Each line of the listing below, from the very first to the one that contains "Jack Wills Women's", is to be retyped exactly as it stands.

### Input material
::::::
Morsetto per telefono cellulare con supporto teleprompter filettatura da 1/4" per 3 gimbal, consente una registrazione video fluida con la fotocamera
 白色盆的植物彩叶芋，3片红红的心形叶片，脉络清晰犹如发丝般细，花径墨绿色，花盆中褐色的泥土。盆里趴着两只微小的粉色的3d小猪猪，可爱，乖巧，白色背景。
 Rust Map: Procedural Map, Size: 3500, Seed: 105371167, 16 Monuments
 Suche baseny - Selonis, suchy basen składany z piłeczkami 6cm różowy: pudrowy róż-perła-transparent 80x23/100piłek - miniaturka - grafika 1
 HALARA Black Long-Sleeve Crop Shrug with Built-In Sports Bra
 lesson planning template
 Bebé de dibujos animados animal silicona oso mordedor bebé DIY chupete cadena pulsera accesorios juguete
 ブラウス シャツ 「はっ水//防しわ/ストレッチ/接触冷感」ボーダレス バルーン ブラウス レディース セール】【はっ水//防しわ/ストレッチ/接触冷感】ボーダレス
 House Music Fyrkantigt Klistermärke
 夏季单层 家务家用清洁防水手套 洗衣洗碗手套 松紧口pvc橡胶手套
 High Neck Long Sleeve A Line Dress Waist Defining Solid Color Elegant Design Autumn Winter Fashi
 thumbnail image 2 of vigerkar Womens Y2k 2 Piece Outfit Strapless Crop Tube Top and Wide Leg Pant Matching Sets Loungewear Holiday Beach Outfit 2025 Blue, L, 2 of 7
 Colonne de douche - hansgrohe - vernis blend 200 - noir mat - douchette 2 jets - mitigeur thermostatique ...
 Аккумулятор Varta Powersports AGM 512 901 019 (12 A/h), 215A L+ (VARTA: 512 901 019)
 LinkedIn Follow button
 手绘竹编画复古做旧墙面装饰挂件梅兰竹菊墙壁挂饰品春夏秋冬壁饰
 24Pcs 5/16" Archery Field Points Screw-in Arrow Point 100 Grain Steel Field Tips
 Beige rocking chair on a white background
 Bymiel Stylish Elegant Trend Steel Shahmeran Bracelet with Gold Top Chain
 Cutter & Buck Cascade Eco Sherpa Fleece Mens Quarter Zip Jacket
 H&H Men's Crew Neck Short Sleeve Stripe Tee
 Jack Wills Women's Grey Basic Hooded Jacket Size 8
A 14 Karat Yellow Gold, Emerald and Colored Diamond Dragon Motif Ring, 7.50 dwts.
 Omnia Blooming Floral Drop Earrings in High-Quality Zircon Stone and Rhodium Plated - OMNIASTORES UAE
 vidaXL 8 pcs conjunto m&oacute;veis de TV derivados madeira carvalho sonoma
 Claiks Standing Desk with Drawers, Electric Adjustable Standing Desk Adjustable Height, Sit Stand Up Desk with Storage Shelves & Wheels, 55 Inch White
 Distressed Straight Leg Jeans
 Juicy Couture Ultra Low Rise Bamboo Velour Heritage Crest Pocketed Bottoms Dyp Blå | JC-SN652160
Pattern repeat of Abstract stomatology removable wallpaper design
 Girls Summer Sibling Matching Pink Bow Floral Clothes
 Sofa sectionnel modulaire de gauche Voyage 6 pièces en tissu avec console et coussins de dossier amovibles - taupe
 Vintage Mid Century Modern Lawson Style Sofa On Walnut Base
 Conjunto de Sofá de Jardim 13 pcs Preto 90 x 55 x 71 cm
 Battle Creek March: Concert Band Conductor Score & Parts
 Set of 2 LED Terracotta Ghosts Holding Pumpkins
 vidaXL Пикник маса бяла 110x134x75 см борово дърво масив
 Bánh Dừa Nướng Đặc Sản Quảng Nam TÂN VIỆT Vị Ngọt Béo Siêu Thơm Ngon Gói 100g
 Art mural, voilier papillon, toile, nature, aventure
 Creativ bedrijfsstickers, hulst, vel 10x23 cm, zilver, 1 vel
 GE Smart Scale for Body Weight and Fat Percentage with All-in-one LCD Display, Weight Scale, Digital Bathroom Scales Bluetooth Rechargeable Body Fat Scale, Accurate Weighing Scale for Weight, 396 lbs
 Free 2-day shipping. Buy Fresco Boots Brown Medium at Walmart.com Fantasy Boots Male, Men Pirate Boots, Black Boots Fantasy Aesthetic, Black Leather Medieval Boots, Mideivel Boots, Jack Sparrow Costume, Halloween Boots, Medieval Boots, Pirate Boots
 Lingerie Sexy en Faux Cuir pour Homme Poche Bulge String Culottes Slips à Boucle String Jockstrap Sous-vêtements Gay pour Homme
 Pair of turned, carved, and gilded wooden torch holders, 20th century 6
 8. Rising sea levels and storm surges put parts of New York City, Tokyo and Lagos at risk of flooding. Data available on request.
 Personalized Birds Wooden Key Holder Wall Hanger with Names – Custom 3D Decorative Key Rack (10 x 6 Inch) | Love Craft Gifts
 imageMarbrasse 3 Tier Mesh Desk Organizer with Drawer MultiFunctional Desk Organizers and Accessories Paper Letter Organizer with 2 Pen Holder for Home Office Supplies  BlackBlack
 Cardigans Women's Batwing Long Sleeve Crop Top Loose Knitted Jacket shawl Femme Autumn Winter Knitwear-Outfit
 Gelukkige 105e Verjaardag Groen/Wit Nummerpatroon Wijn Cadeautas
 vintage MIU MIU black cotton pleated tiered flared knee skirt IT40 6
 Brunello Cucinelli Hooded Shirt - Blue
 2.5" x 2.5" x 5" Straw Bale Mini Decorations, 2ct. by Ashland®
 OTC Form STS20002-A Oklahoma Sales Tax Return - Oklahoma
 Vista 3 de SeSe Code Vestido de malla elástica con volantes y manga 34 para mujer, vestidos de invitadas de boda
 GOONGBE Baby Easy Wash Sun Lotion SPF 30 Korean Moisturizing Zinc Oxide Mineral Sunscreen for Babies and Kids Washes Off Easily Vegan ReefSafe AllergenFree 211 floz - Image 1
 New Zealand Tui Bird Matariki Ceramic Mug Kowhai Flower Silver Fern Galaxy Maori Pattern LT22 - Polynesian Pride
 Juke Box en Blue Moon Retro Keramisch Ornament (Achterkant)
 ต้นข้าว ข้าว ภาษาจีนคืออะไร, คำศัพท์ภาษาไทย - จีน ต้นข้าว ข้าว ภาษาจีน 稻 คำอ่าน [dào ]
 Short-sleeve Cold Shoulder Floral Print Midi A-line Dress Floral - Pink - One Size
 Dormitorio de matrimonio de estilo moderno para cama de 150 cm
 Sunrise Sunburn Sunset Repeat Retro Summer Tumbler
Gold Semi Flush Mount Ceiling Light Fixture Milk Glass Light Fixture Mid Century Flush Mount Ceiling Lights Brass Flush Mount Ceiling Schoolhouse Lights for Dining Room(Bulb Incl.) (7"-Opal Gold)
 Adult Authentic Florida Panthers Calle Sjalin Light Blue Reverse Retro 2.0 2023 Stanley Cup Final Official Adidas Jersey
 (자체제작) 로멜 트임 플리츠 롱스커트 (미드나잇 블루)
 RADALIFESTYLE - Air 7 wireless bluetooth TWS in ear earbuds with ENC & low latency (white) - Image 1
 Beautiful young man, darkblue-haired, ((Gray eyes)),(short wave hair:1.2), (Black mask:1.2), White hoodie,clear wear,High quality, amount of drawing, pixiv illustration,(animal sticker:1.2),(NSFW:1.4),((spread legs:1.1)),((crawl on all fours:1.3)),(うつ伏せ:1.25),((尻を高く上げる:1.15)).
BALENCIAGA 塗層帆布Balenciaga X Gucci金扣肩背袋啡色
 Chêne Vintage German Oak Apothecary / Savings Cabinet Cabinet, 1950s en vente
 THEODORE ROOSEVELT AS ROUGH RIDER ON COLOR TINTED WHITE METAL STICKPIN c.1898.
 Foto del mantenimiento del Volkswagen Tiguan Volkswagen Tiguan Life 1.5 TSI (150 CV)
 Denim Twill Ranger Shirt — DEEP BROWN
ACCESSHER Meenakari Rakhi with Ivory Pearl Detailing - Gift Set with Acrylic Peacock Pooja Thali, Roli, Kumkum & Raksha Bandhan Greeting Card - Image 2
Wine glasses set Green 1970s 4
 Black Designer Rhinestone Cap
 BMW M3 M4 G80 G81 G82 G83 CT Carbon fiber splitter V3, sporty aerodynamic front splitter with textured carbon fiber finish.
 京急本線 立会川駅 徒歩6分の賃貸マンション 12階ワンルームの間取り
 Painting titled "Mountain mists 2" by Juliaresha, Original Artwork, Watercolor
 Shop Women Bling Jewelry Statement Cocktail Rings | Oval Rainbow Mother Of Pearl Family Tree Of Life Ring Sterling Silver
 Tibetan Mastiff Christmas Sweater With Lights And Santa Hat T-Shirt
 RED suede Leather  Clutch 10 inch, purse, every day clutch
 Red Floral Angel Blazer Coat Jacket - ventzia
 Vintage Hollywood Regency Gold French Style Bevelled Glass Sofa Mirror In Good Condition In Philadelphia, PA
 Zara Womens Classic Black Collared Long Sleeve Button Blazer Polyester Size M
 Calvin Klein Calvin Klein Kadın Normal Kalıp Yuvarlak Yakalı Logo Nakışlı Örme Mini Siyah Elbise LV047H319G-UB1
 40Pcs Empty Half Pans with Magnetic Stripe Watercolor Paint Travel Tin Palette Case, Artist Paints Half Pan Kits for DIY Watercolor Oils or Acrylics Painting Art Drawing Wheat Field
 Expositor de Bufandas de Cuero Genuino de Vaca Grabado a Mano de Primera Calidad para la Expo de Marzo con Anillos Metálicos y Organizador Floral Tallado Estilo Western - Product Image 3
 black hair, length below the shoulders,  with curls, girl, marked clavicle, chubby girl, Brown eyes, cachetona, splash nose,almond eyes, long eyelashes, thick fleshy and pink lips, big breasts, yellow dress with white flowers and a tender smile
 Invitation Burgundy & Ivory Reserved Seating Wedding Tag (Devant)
::::::
### Result
Morsetto per telefono cellulare con supporto teleprompter filettatura da 1/4" per 3 gimbal, consente una registrazione video fluida con la fotocamera
 白色盆的植物彩叶芋，3片红红的心形叶片，脉络清晰犹如发丝般细，花径墨绿色，花盆中褐色的泥土。盆里趴着两只微小的粉色的3d小猪猪，可爱，乖巧，白色背景。
 Rust Map: Procedural Map, Size: 3500, Seed: 105371167, 16 Monuments
 Suche baseny - Selonis, suchy basen składany z piłeczkami 6cm różowy: pudrowy róż-perła-transparent 80x23/100piłek - miniaturka - grafika 1
 HALARA Black Long-Sleeve Crop Shrug with Built-In Sports Bra
 lesson planning template
 Bebé de dibujos animados animal silicona oso mordedor bebé DIY chupete cadena pulsera accesorios juguete
 ブラウス シャツ 「はっ水//防しわ/ストレッチ/接触冷感」ボーダレス バルーン ブラウス レディース セール】【はっ水//防しわ/ストレッチ/接触冷感】ボーダレス
 House Music Fyrkantigt Klistermärke
 夏季单层 家务家用清洁防水手套 洗衣洗碗手套 松紧口pvc橡胶手套
 High Neck Long Sleeve A Line Dress Waist Defining Solid Color Elegant Design Autumn Winter Fashi
 thumbnail image 2 of vigerkar Womens Y2k 2 Piece Outfit Strapless Crop Tube Top and Wide Leg Pant Matching Sets Loungewear Holiday Beach Outfit 2025 Blue, L, 2 of 7
 Colonne de douche - hansgrohe - vernis blend 200 - noir mat - douchette 2 jets - mitigeur thermostatique ...
 Аккумулятор Varta Powersports AGM 512 901 019 (12 A/h), 215A L+ (VARTA: 512 901 019)
 LinkedIn Follow button
 手绘竹编画复古做旧墙面装饰挂件梅兰竹菊墙壁挂饰品春夏秋冬壁饰
 24Pcs 5/16" Archery Field Points Screw-in Arrow Point 100 Grain Steel Field Tips
 Beige rocking chair on a white background
 Bymiel Stylish Elegant Trend Steel Shahmeran Bracelet with Gold Top Chain
 Cutter & Buck Cascade Eco Sherpa Fleece Mens Quarter Zip Jacket
 H&H Men's Crew Neck Short Sleeve Stripe Tee
 Jack Wills Women's Grey Basic Hooded Jacket Size 8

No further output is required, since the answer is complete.